Ma il brunch è (stato) anche un esercizio democratico
Il brunch ha rappresentato anche un esercizio democratico: dalla sciura che voleva imitare Muccia Prada al giovane manager, dallo studente bocconiano al fricchettone, tutti si sono dovuti mettere in fila per arrivare velocemente ai fritti appena usciti dalla cucina prima che il solito ingordo li finisse, ovviamente con la scusa che li stava prendendo anche per gli amici rimasti al tavolo. Una rivisitazione della fila in una mensa scolastico-operaia che nessuno sano di mente avrebbe voglia di infliggersi consapevolmente.
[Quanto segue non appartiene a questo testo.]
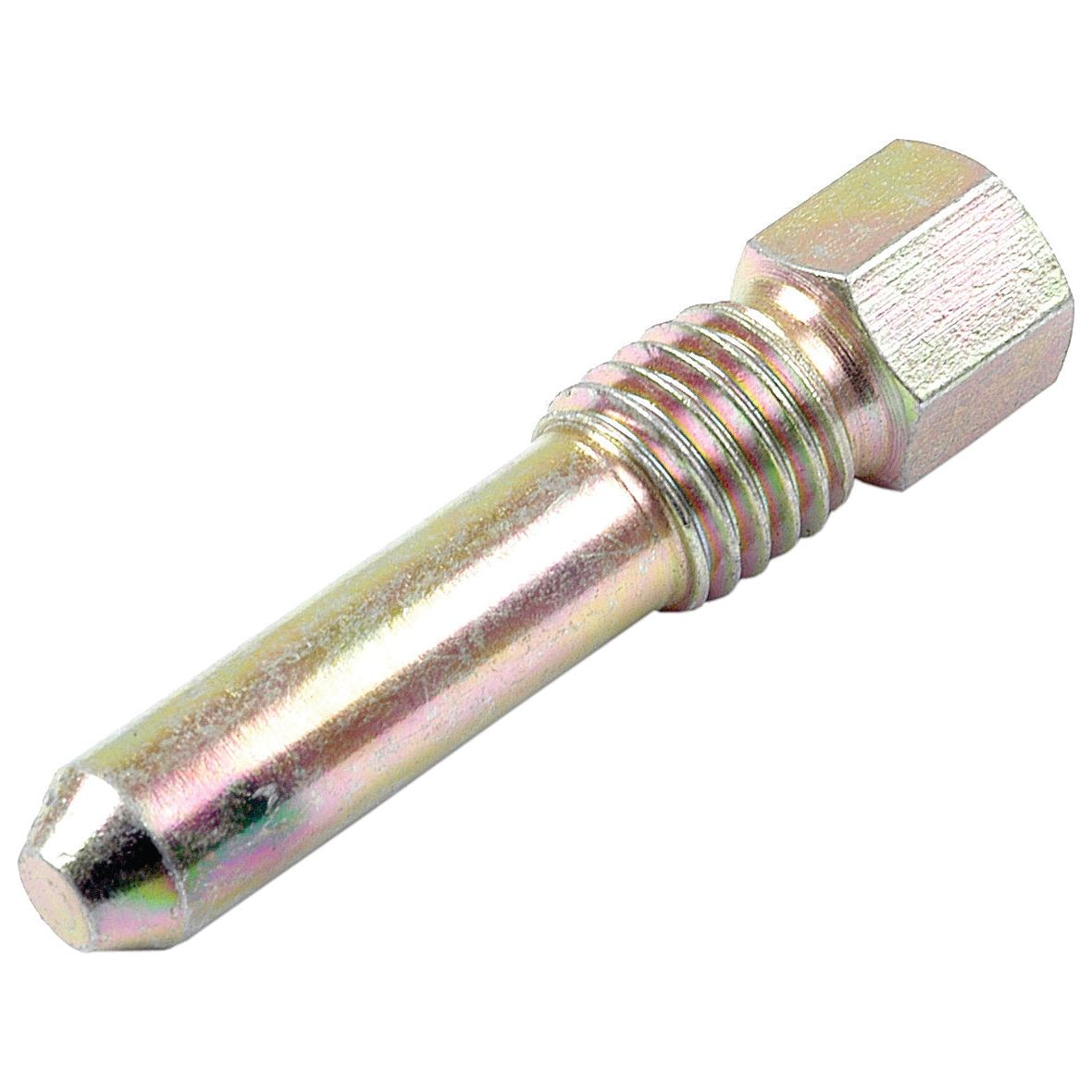 A PAVT Screw (Sparex Part No. S.41384) from Sparex, featuring a hexagonal head and threaded body, similar to those used in Massey Ferguson machinery.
La moda, però, è anche questo: se tutti vanno al brunch ci vado pure io, anche se è come camminare con i tacchi per la prima volta mentre sei sul pavé.
Quindi, dicevamo, addio finalmente alle gomitate per arrivare al tavolo dei dolci come fossimo dei lanzichenecchi in treno con Alain Elkann: possiamo tornare a sederci per un più classico e borghese pranzo della domenica, che ci ricorda più la casa della nonna che un ritrovo hipster. Sentiamo già il sospiro di sollievo di chi finalmente può mangiare senza alzarsi da tavola per prendere un rinforzino di pasta e può chiamare educatamente il cameriere, senza nascondere quella punta di snobismo che in fondo al milanese, soprattutto d’adozione, piace.
Brunch a Milano: i locali che resistono
Certo, qualche brunch di classe rimane, da quelli negli hotel di lusso (come Four Seasons o Chateau Monfort) a quelli storici che resistono ai cambiamenti (da Fonderie Milanesi al Fuorimano OTP, passando per le new entry come il Caciara di via Tadino). La verità però è che sempre di più, si sta lasciando la colazione al caffè del mattino, senza mischiarla con troppi ingredienti.
Sicuramente tra i ristoranti del momento per un pranzo festivo – per chi vuole coccolarsi e spendere molto – c’è il ristorante dell’hotel Portrait Milano, tra Corso Venezia e Sant’Andrea, seguito dal sempre verde Penelope a casa, in zona Porta Romana. Ma la ristorazione a Milano è come la coda del Plastic, cambia sempre e non sai mai quale è il posto migliore: l’unica soluzione è provare, magari seguendo il passaparola degli habitué.